- Work to complete:
Each record below should be returned exactly, with its pictures left out.

* * *

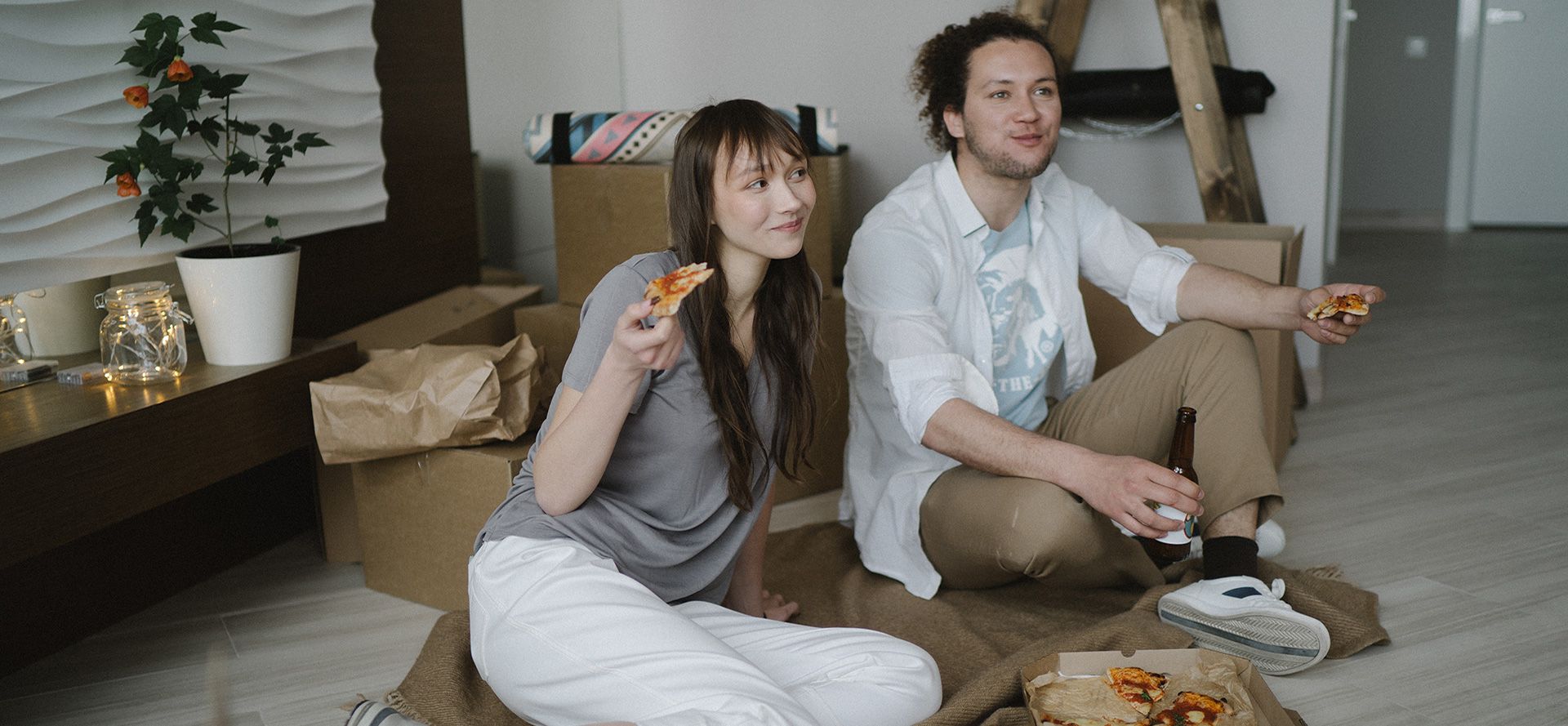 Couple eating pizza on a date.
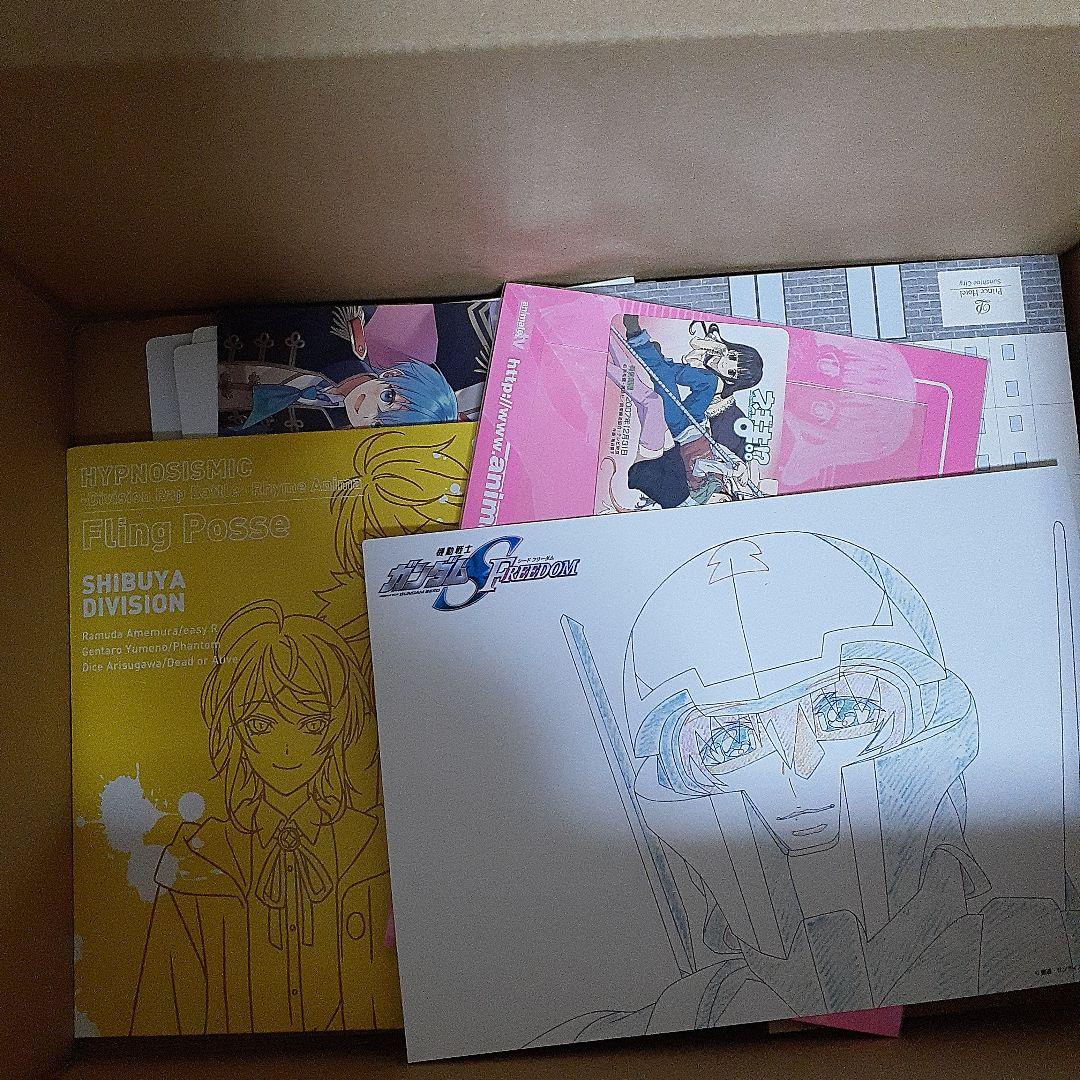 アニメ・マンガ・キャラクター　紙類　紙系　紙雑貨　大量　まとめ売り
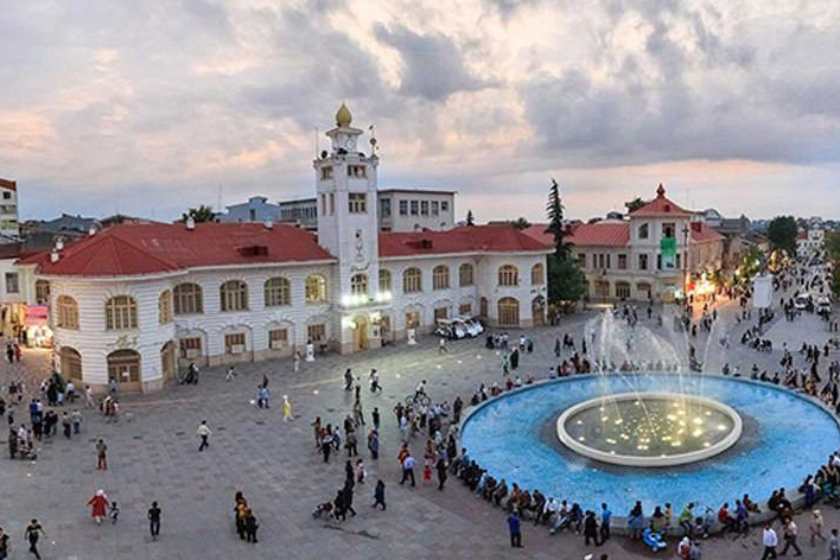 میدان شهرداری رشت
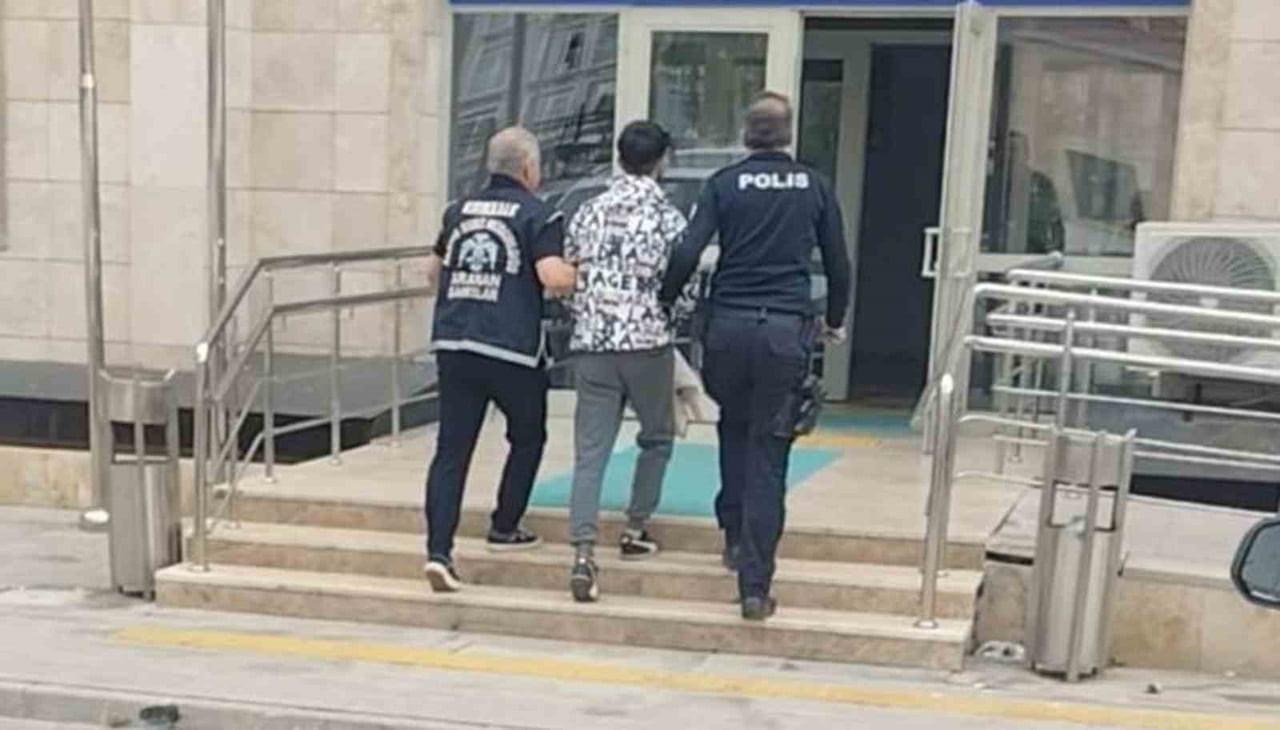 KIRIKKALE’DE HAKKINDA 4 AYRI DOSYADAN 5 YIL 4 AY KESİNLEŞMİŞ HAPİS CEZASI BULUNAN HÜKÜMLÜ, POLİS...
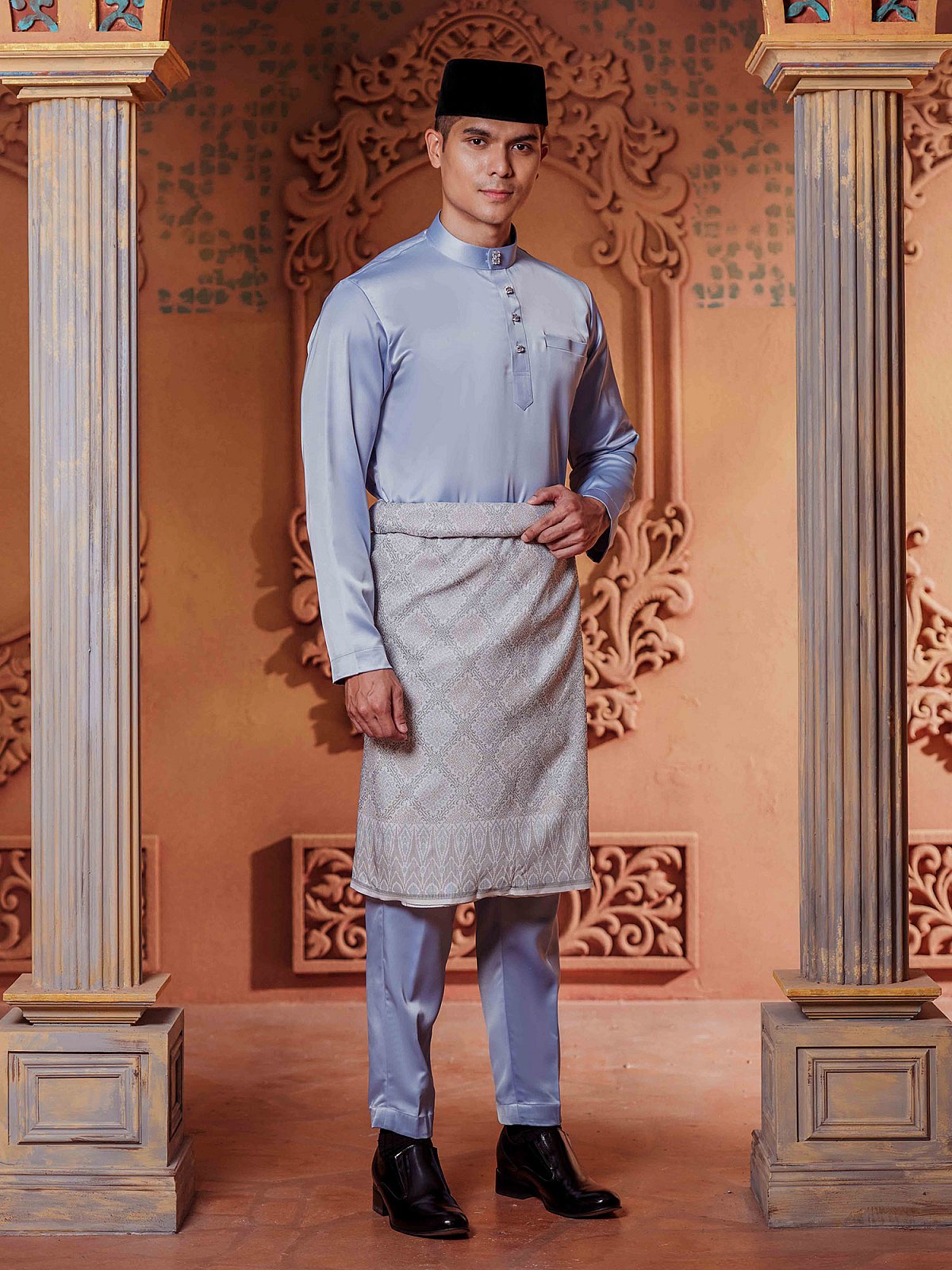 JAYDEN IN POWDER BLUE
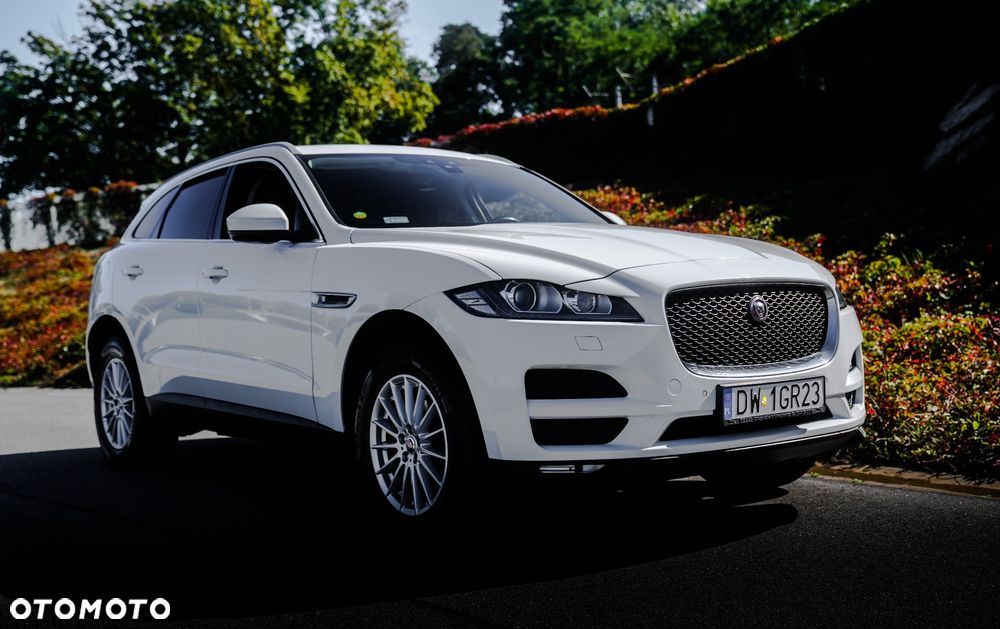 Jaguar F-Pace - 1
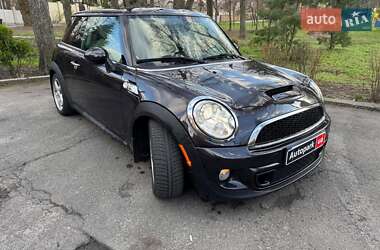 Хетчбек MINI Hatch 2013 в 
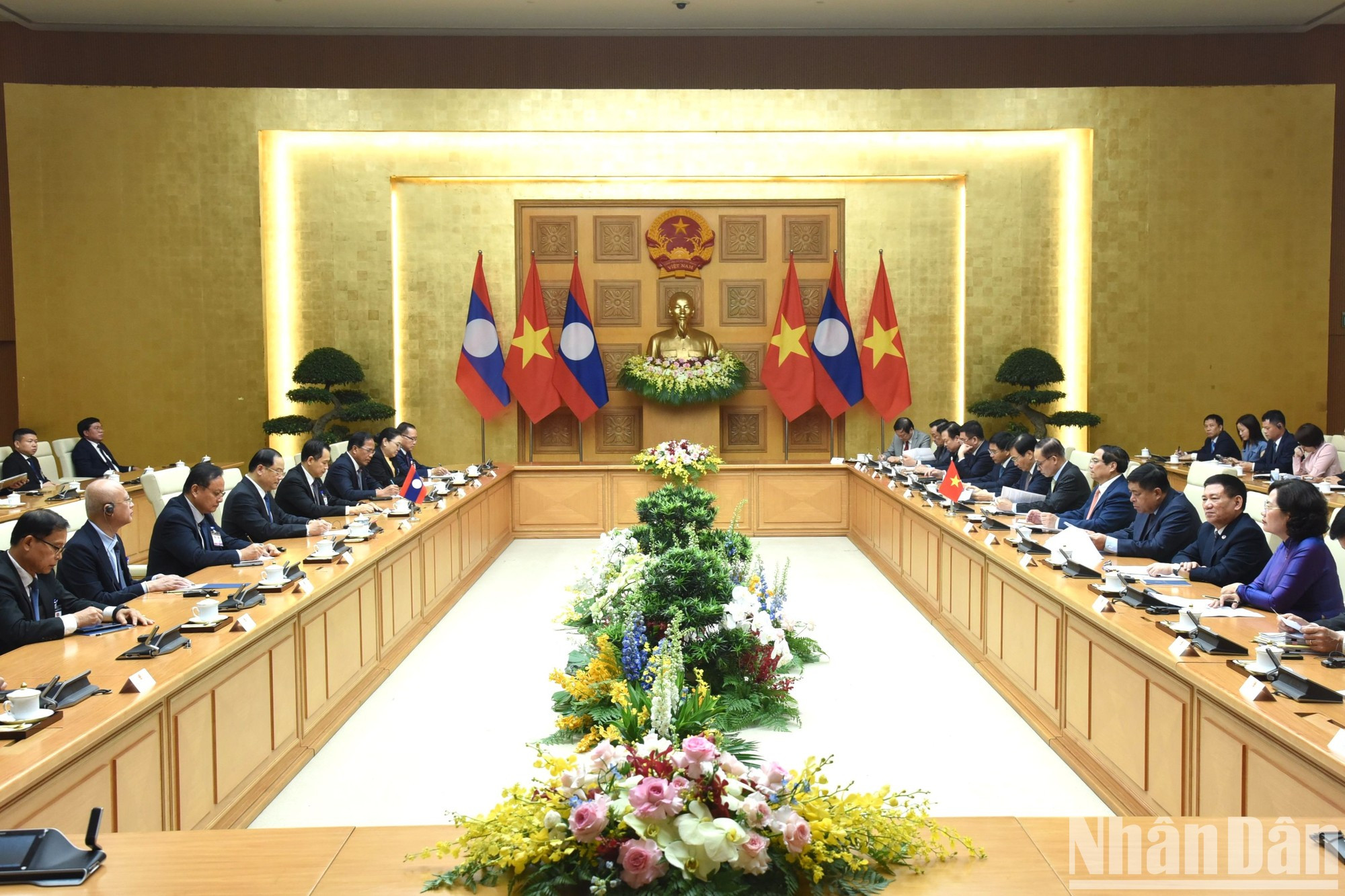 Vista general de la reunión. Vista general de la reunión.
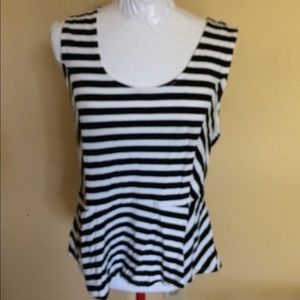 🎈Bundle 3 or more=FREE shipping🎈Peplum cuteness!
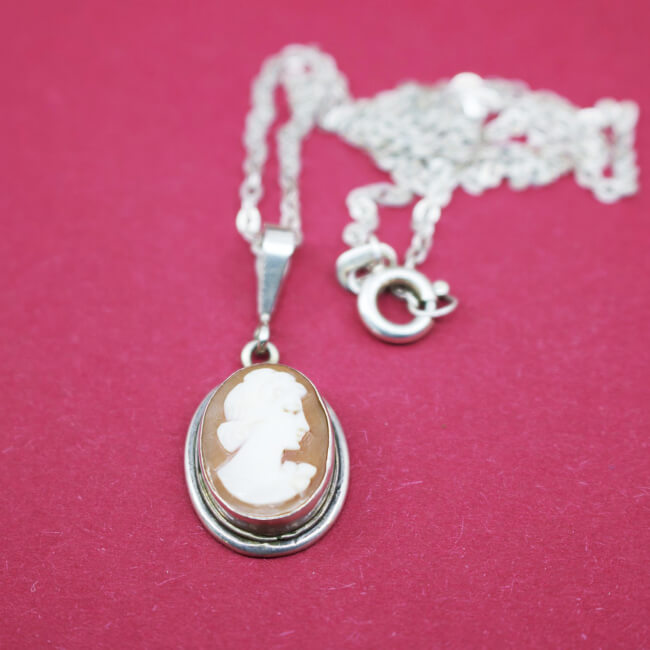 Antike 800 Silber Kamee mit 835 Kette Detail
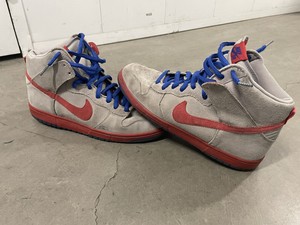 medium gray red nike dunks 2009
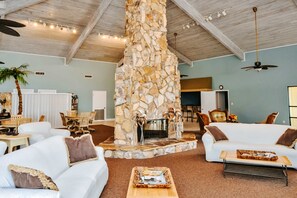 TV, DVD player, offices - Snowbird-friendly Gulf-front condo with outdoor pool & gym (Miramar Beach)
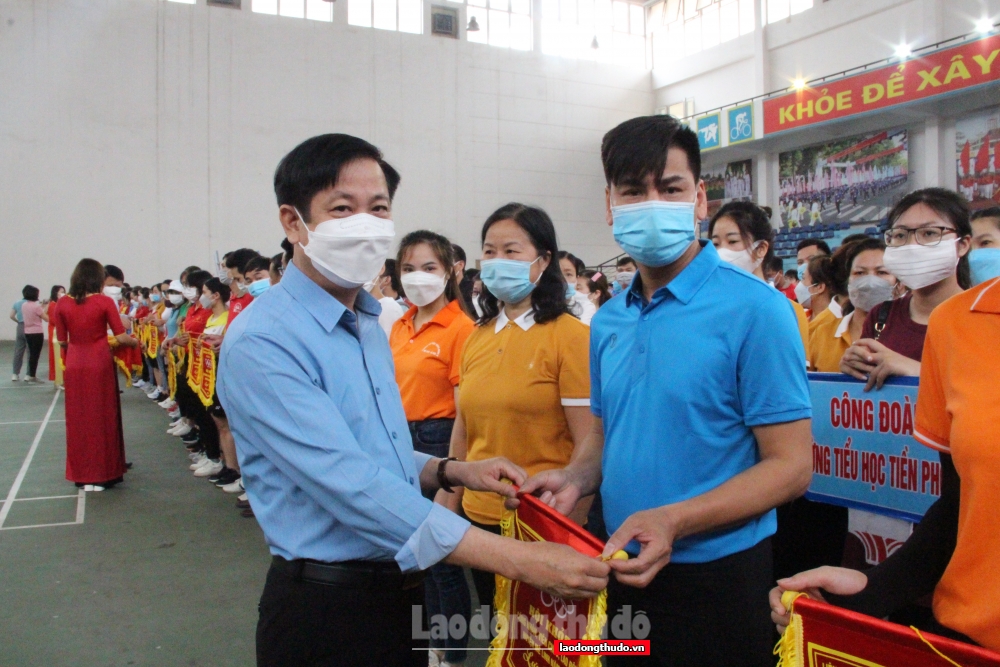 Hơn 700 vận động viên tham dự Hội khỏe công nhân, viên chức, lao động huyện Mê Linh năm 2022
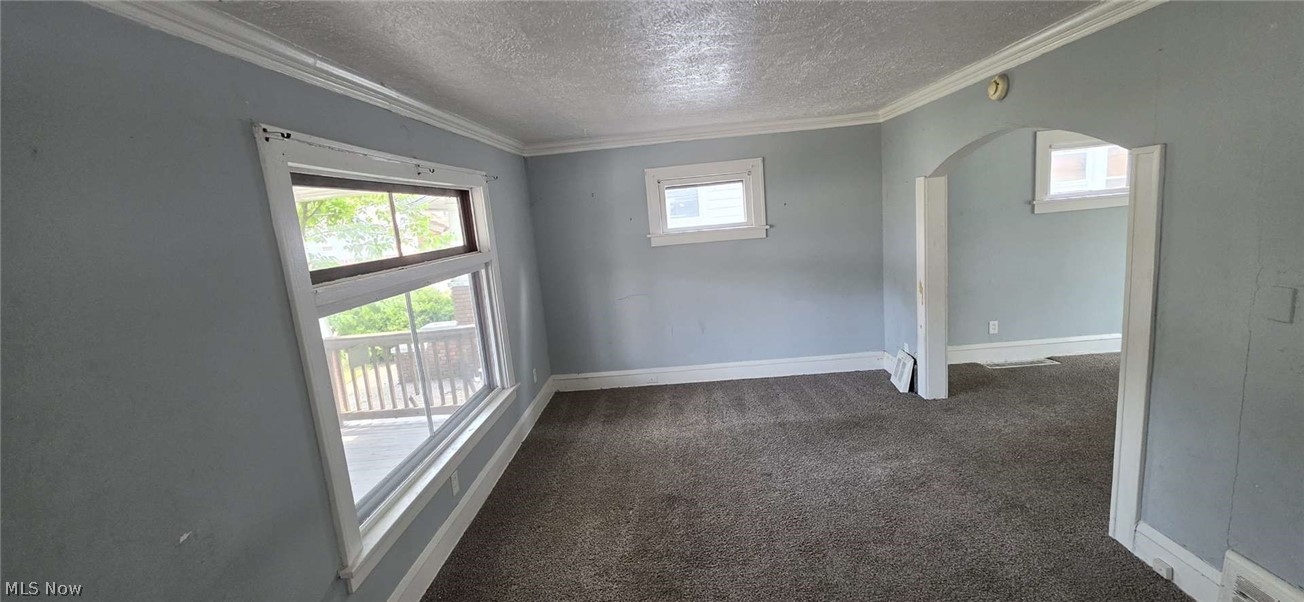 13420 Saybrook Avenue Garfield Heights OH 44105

* * *

- Task answer:
 Couple eating pizza on a date.
 アニメ・マンガ・キャラクター　紙類　紙系　紙雑貨　大量　まとめ売り
 میدان شهرداری رشت
 KIRIKKALE’DE HAKKINDA 4 AYRI DOSYADAN 5 YIL 4 AY KESİNLEŞMİŞ HAPİS CEZASI BULUNAN HÜKÜMLÜ, POLİS...
 JAYDEN IN POWDER BLUE
 Jaguar F-Pace - 1
 Хетчбек MINI Hatch 2013 в 
 Vista general de la reunión. Vista general de la reunión.
 🎈Bundle 3 or more=FREE shipping🎈Peplum cuteness!
 Antike 800 Silber Kamee mit 835 Kette Detail
 medium gray red nike dunks 2009
 TV, DVD player, offices - Snowbird-friendly Gulf-front condo with outdoor pool & gym (Miramar Beach)
 Hơn 700 vận động viên tham dự Hội khỏe công nhân, viên chức, lao động huyện Mê Linh năm 2022
 13420 Saybrook Avenue Garfield Heights OH 44105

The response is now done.